I think you're taking the perspective that the task at hand is to form an (external-to-the-human) model of what a human wants and is trying to do, and there are different possible models which tend to agree in-distribution but not OOD.
My suggestion is that for practically everything you say in this post, you can say a closely-analogous thing where you throw out the word "model" and just saying "the human has lots of preferences, and those preferences don't always agree with each other, especially OOD". For example, in the trolley problem, I possess a "I don't like killing people" preference, and I also possess a "I like saving lives" preference, and here they've come into conflict. This is basically a "subagent" perspective.
Do you agree?
I bring this up because "I have lots of preferences and sometimes they come into conflict" is a thing that I think about every day, whereas "my preferences can be fit by different models and sometimes those models come into conflict" is slightly weird to me. (Not that there's anything wrong with that.)

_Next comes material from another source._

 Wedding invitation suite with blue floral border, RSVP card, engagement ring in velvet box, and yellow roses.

My suggestion is that for practically everything you say in this post, you can say a closely-analogous thing where you throw out the word "model" and just saying "the human has lots of preferences, and those preferences don't always agree with each other, especially OOD".
Yes, I'm fine with this rephrasing. But I wouldn't write a post using only the "the human has the preferences" way of speaking, because lots of different ways of thinking about the world use that same language.

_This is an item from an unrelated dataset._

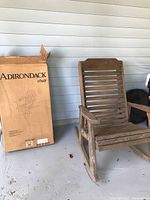 Weathered wooden rocking chair with slatted design alongside a new boxed Adirondack chair in original packaging, positioned on a porch with light blue siding background.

This is basically a "subagent" perspective.
I think this post is pretty different from how people typically describe humans in terms of subagents, but it does contain that description.
Any physical system can have multiple descriptions of it, it doesn't have to act like it's made of subagents. (By "act like it's made of subagents," I include some things people do, like psych themselves up, or reward themselves for doing chores, or try to hide objects of temptation from themselves.) You can have several different models of a thermostat, for instance. Reconciling the different models of a thermostat might look a bit like bargaining between subagents, but if so these are atrophied male anglerfish subagents; they don't model each other and bargain on their own behalf, they are just dumb inputs in a bigger, smarter process.

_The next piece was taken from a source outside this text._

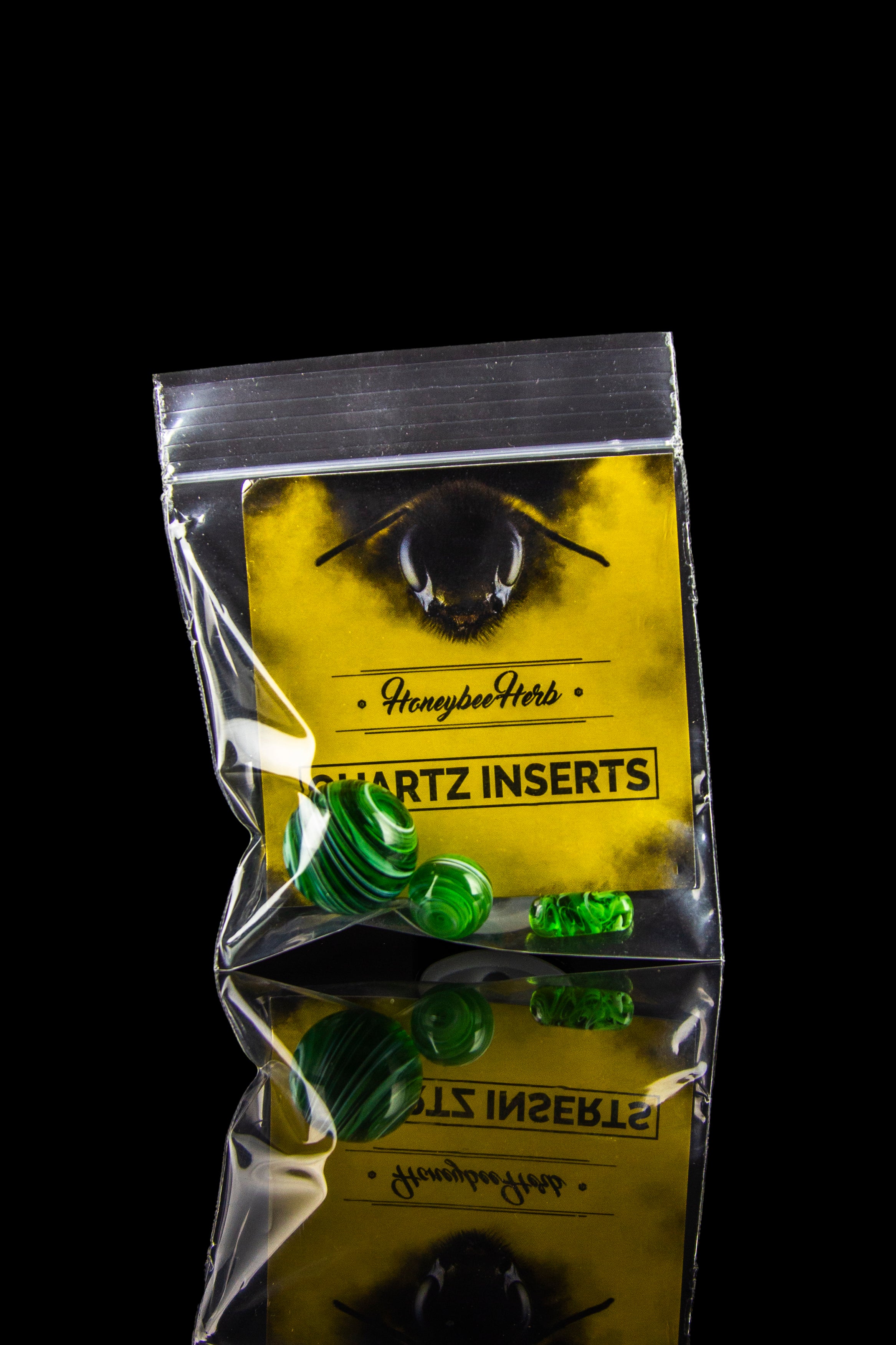Clear plastic bag containing green quartz inserts for cannabis concentrates, branded with "Honeybee Herb" and an eye illustration, against a black background.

If we make a bunch of partial models of a human, some of these models are going to look like subagents, or drive subagenty behavior. But a lot of other ones are going to look like simple patterns, or bigger models that contain the subagent bargaining within themselves and hold aggregated preferences, or psychological models that are pretty complicated and interesting but don't have anything to do with subagenty behavior.
And maybe a value learning AI would capture human subagenty behavior, not only in the models that contain subagent interactions as parts of themselves, but in the learned meta-preferences that determine how different models that we'd think of as human subagents get aggregated into one big story about what's good. Such an AI might help humans psych themselves up, or reward them for doing chores.
But I'd bet that most of the preference aggregation work would look about as subagenty as aggregating the different models of a thermostat. In the trolley problem my "save people" and "don't kill people" preferences don't seem subagenty at all - I'm not about to work out some internal bargain where I push the lever in one direction for a while in exchange for pushing it the other way the rest of the time, for instance.
In short, even though I agree that in a vacuum you could call each model a "subagent," what people normally think of when they hear that word is about a couple dozen entities, mostly distinct. And what's going on in the picture I'm promoting here is more like 10^4 entities, mostly overlapping.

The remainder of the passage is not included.